Will Harris respond directly to those attacks, or will she brush them off?
The vice president has increasingly cited Trump’s own words on the campaign trail — sometimes even playing clips of Trump’s incendiary remarks, verbal stumbles and bizarre moments at her own rallies. She’s used those moments to cast Trump as unhinged.
Focus on abortion rights
Abortion rights has been perhaps the best issue for Democrats since the Supreme Court — with a majority consisting of three conservatives appointed by Trump — overturned Roe v. Wade in 2022.
It’s one Harris will emphasize in the race’s closing weeks, particularly with polls showing a historic gender gap, with a clear majority of women supporting the Democratic nominee and men backing Trump.
Harris could look for ways to emphasize her support for abortion rights while pointing out the practical issues caused by Trump’s call for states to decide their own policies. She has done so on the campaign trail in recent days, highlighting individual cases of women who were affected by states’ restrictive abortion laws.
On Saturday in Georgia, she cited the case of Amber Thurman, a Georgia woman who died after her medical care was delayed because of the state’s abortion laws.
Last month, a report by nonprofit news outlet ProPublica revealed Thurman died in 2022 from a treatable infection due to delays to her medical care stemming from the state’s restrictive abortion law. Thurman tried to schedule a surgical abortion four hours away in North Carolina, but due to traffic, she was late to the appointment. Instead, she had a medication abortion – two pills approved to end a pregnancy through 10 weeks’ gestation – but developed rare, ultimately fatal complications.
“Donald Trump still refuses to take accountability — to take any accountability for the pain and the suffering he has caused, or even to just acknowledge the pain and suffering that has actually happened,” Harris said.
Courting on-the-fence Republicans
On Monday alone, Harris was joined at three events in three different states – across the “blue wall” of Pennsylvania, Michigan and Wisconsin – by former Rep. Liz Cheney, a hardline conservative who, as she’s said repeatedly, has never voted for a Democratic presidential nominee but is backing the vice president, because of what she describes as the existential stakes of the coming election.
Harris has not backed off her own liberal inclinations, but she has sent a consistent message to Republican voters vexed by Trump, but unsure about breaking from the tribe, that she wants to be “a president for all Americans.” Harris is hardly the first candidate to use that line, or some version of it. But in sitting beside Cheney – the daughter of Iraq War architect and former Vice President Dick Cheney, who is also voting for Harris – the vice president is betting that there is a meaningful cohort of Republicans and GOP-leaning independents who can be convinced to abandon Trump.

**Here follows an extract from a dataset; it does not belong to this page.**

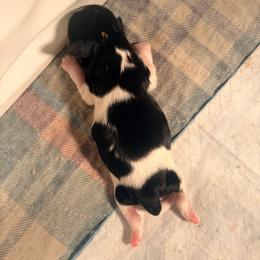 Sophie - Black and white female Shih Tzu puppy in Hemet, California from Aloha Shih Tzu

This is big-tent, coalition politics at its purest, the kind that is frequently found in European parliamentary elections, but rarely seen on the US presidential trail. If Harris fails, her campaign will be lambasted for wasting precious time and resources. If she wins, it could signal a potentially historic reordering of American politics.
First, though, she has to deliver a closing argument to meet the moment.